Until Wednesday, the president, Homeland Security Secretary Kirstjen Nielsen, and other officials repeatedly argued the only way to end the practice was for Congress to pass new legislation, while Democrats said he could do it with his signature alone, as he did on Wednesday. One of the driving forces behind the change was the influence of First Lady Melania Trump, who has reportedly been urging the president to make changes for quite some time.
Mrs. Trump made waves of her own, however, when she traveled to meet migrant children separated from their families, wearing a designer Zara jacket emblazoned with the words, “I really don’t care, do u?”
Despite the immediate response the signing had to the policy, Trump supporters who were interviewed still believe the separation issue was caused by Democrats. When Trump signed the executive order on Wednesday to end forced separations, they suggested the “end justified the means,” and it was the fault of Congress rather than Trump.
Congressman Phil Roe experienced some immigration issues of his own this past week as he appeared at a press conference in Johnson City Monday to announce the kick off to his re-election campaign.

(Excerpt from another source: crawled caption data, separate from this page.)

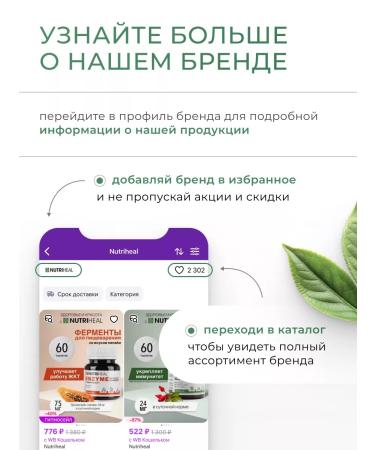 Nutriheal Hyaluronic acid for the skin and joints vitamin C 60 table - Buy Online on GoSupps.com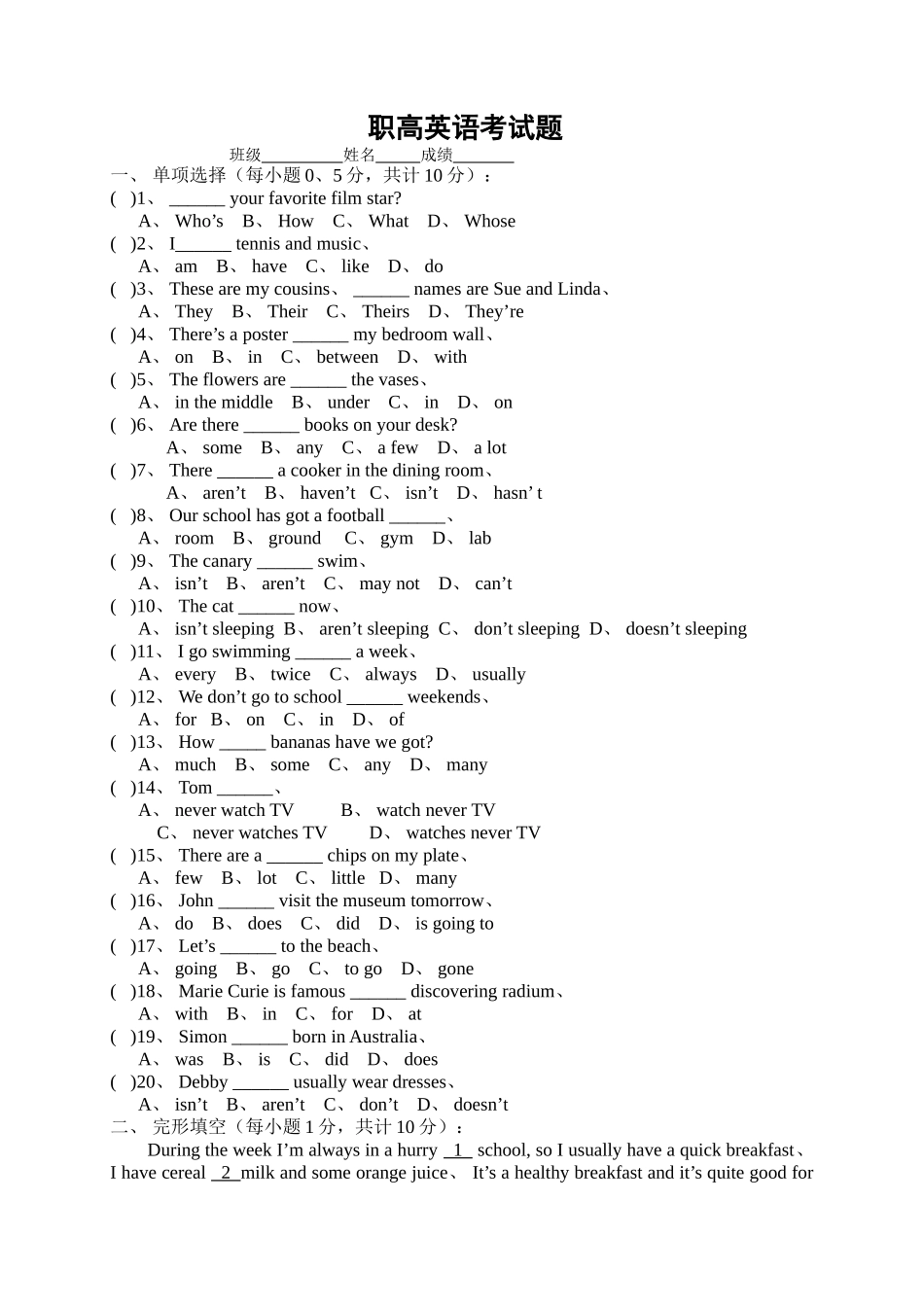 职高英语试题_第1页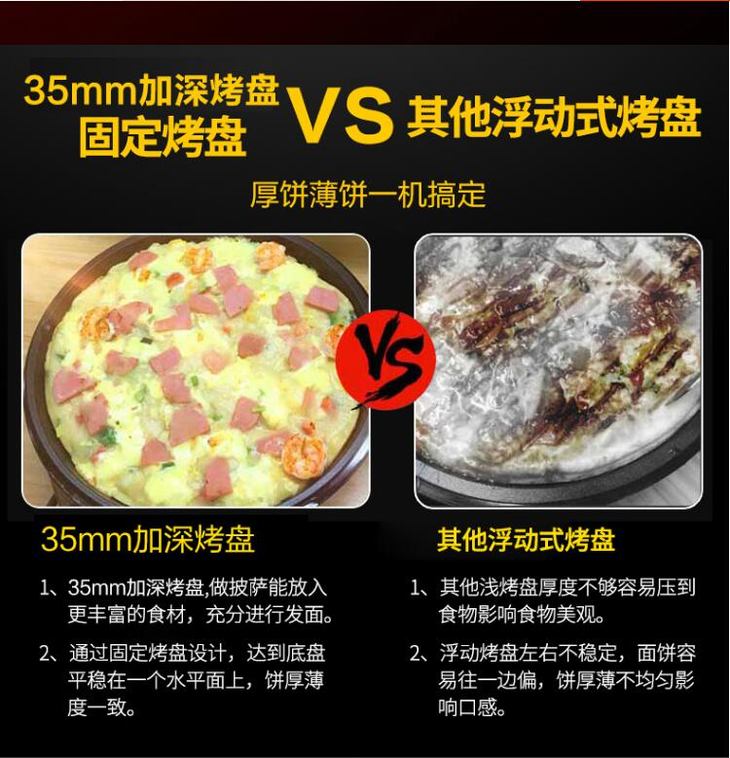 苏泊尔煎烤机jd34a968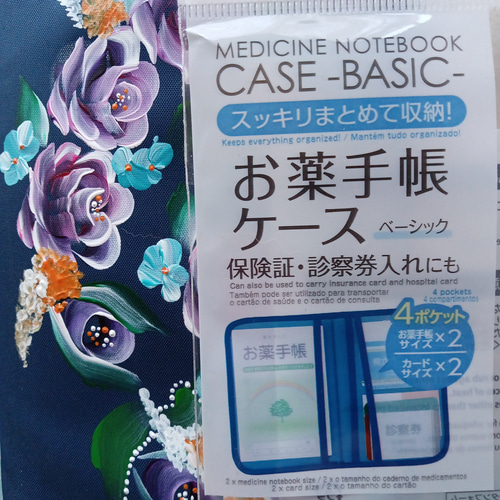 トールペイント作品　花の手描きデザイン　お薬手帳カバー二つ折り お薬手帳ケース トールペイント 手書き ハンドメイド ローズ アクリル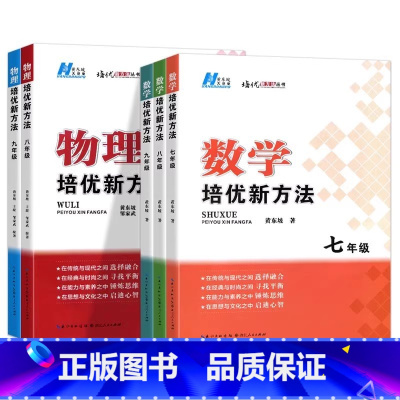 数学 七年级/初中一年级 [正版]数学培优新方法物理化学七八九年级黄东坡初中生初一初二初三上册下册全一册培优竞赛奥数教程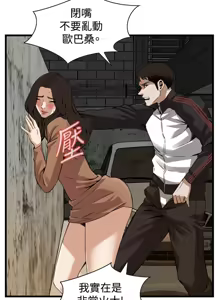 Page 377 of 偷窥72-93 Chinese Rsiky - preview thumbnail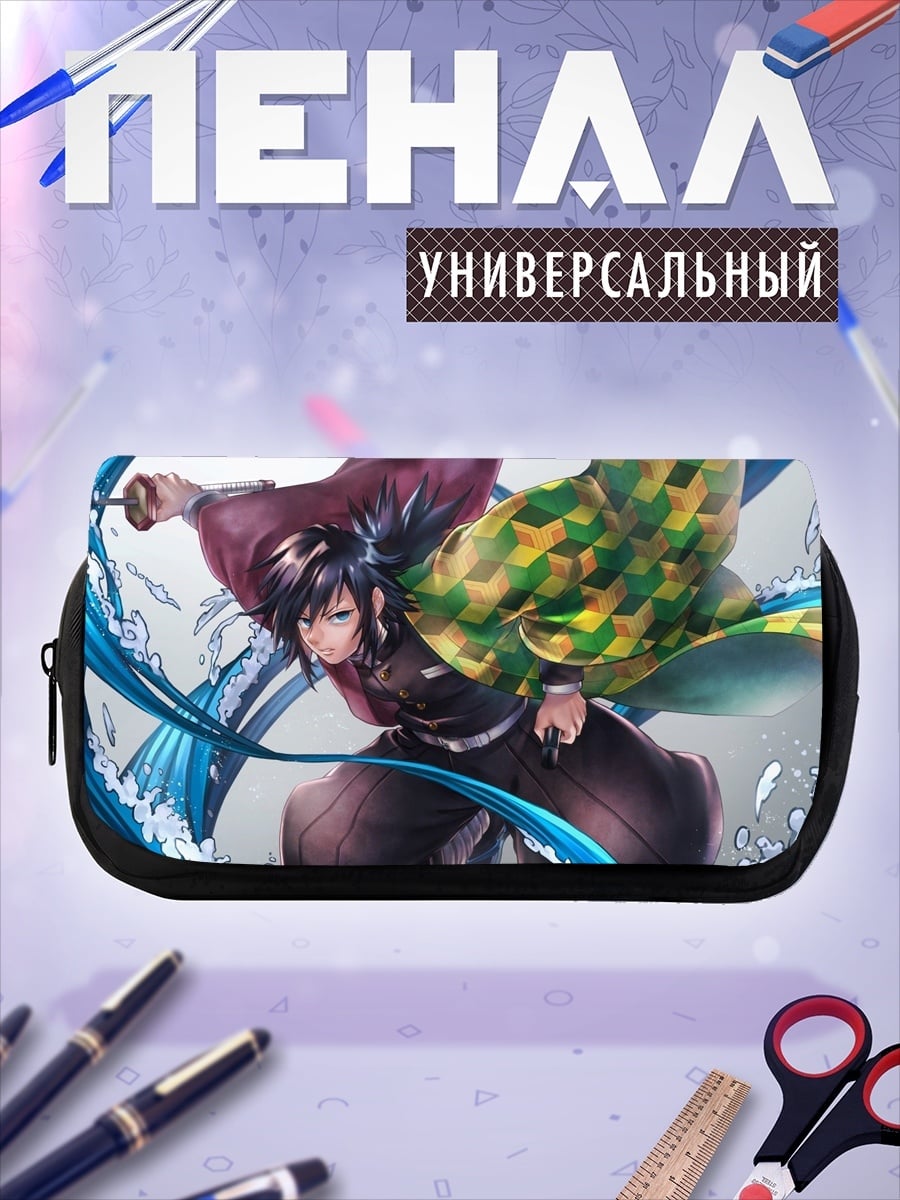 Пенал-косметичка Водный демон самурай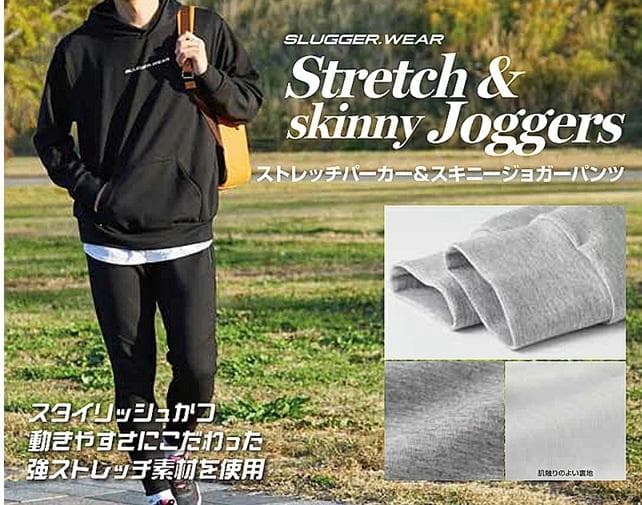 久保田スラッガー ストレッチパーカー L-01Y ブラック Oサイズ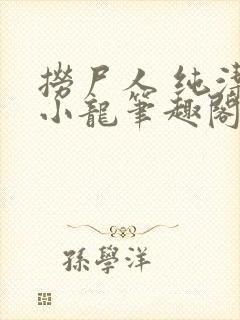 捞尸人 纯洁滴小龙笔趣阁封面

While Roe largely avoided the immigration topic during his 10-minute stump speech, a protester who slipped inside asked what the congressman planned to do about the children who were separated from their parents at the border. Roe responded flatly and made a hurried exit, as one of his supporters took it upon herself to respond to the woman by singing “God Bless America.”
Sadness filled the state and beyond this week, as the news of the passing of legendary voice of the Vols, John Ward, died Wednesday evening after a lengthy illness. He was 88.
As the radio play-by-play broadcaster for Tennessee sports from 1965-99, he was known for his unique style with such phrases as the iconic “It’s Football Time in Tennessee” right before kickoff.
Ward’s final football broadcast was the Vols’ 23-16 win over Florida State in the 1998 Fiesta Bowl National Championship game, but his influence on the game and the fans of UT sports has lived on since, and will continue to do so.
Workers have been hard at it for the past few weeks at TVA Credit Union Ballpark preparing for tonight’s Johnson City Cardinal’s 7 p.m. home opener against the Kingsport Mets.
The Cardinals have made some significant changes to the stadium. New box seats have been installed and a second lounge area has been added on the first-base side. In addition, two giant ceiling fans have been installed in the grandstands to help circulate the air.
Fans will also notice the new lights that have been installed on the playing field, and in the concourse area, the Kids Zone has been expanded and a new team store has been built.
Friday is magnetic schedule night. Saturday is Paul DeJong bobblehead night and local country band JB 5 n Dime will put on a performance in the concourse before the game.